In mathematics, Hadamard's inequality (also known as Hadamard's theorem on determinants) is a result first published by Jacques Hadamard in 1893. It is a bound on the determinant of a matrix whose entries are complex numbers in terms of the lengths of its column vectors. In geometrical terms, when restricted to real numbers, it bounds the volume in Euclidean space of n dimensions marked out by n vectors v_{i} for 1 ≤ i ≤ n in terms of the lengths of these vectors ||v_{i}||.

Specifically, Hadamard's inequality states that if N is the matrix having columns v_{i}, then
$\left| \det(N) \right| \le \prod_{i=1}^n \|v_i\|.$
If the n vectors are non-zero, equality in Hadamard's inequality is achieved if and only if the vectors are orthogonal.

==Alternate forms and corollaries==
A corollary is that if the entries of an n by n matrix N are bounded by B, so |N_{ij}| ≤ B for all i and j, then
$\left| \det(N) \right| \le B^n n^{n/2}.$
In particular, if the entries of N are +1 and −1 only then
$\left| \det(N) \right| \le n^{n/2}.$
In combinatorics, matrices N for which equality holds, i.e. those with orthogonal columns, are called Hadamard matrices.

More generally, suppose that N is a complex matrix of order n, whose entries are bounded by |N_{ij}| ≤ 1, for each i, j between 1 and n. Then Hadamard's inequality states that

 $|\operatorname{det}(N)| \leq n^{n/2}.$

Equality in this bound is attained for a real matrix N if and only if N is a Hadamard matrix.
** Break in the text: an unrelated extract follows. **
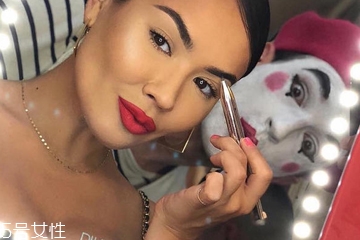 貝玲妃4合1眉筆色號怎么選 5款色號承包你整個眉妝 貝玲妃4合1眉筆色號怎么選 5款色號承包你整個眉妝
A positive-semidefinite matrix P can be written as N^{*}N, where N^{*} denotes the conjugate transpose of N (see Decomposition of a semidefinite matrix). Then
$\det(P)=\det(N)^2 \le \prod_{i=1}^n \|v_i\|^2 = \prod_{i=1}^n p_{ii}.$
So, the determinant of a positive definite matrix is less than or equal to the product of its diagonal entries. Sometimes this is also known as Hadamard's inequality.

==Proof==
The result is trivial if the matrix N is singular, so assume the columns of N are linearly independent. By dividing each column by its Euclidean norm, it can be seen that the result is equivalent to the special case where each column has norm 1, in other words if e_{i} are unit vectors and M is the matrix having the e_{i} as columns then

$\left| \det M \right| \le 1,$ (1)

and equality is achieved if and only if the vectors are an orthogonal set. The general result now follows:
$\left| \det N \right| = \bigg (\prod_{i=1}^n \|v_i\| \bigg) \left|\det M\right| \leq \prod_{i=1}^n \|v_i\|.$

To prove (1), consider P =M^{*}M where M^{*} is the conjugate transpose of M, and let the eigenvalues of P be λ_{1}, λ_{2}, … λ_{n}. Since the length of each column of M is 1, each entry in the diagonal of P is 1, so the trace of P is n. Applying the inequality of arithmetic and geometric means,
$\det P = \prod_{i=1}^n \lambda_i \le \left({1 \over n}\sum_{i=1}^n \lambda_i\right)^n = \left({1 \over n} \operatorname{tr} P \right)^n = 1^n = 1,$
so
$\left| \det M \right| = \sqrt{\det P} \le 1.$

If there is equality then each of the λ_{i}'s must all be equal and their sum is n, so they must all be 1. The matrix P is Hermitian, therefore diagonalizable, so it is the identity matrix—in other words the columns of M are an orthonormal set and the columns of N are an orthogonal set. Many other proofs can be found in the literature.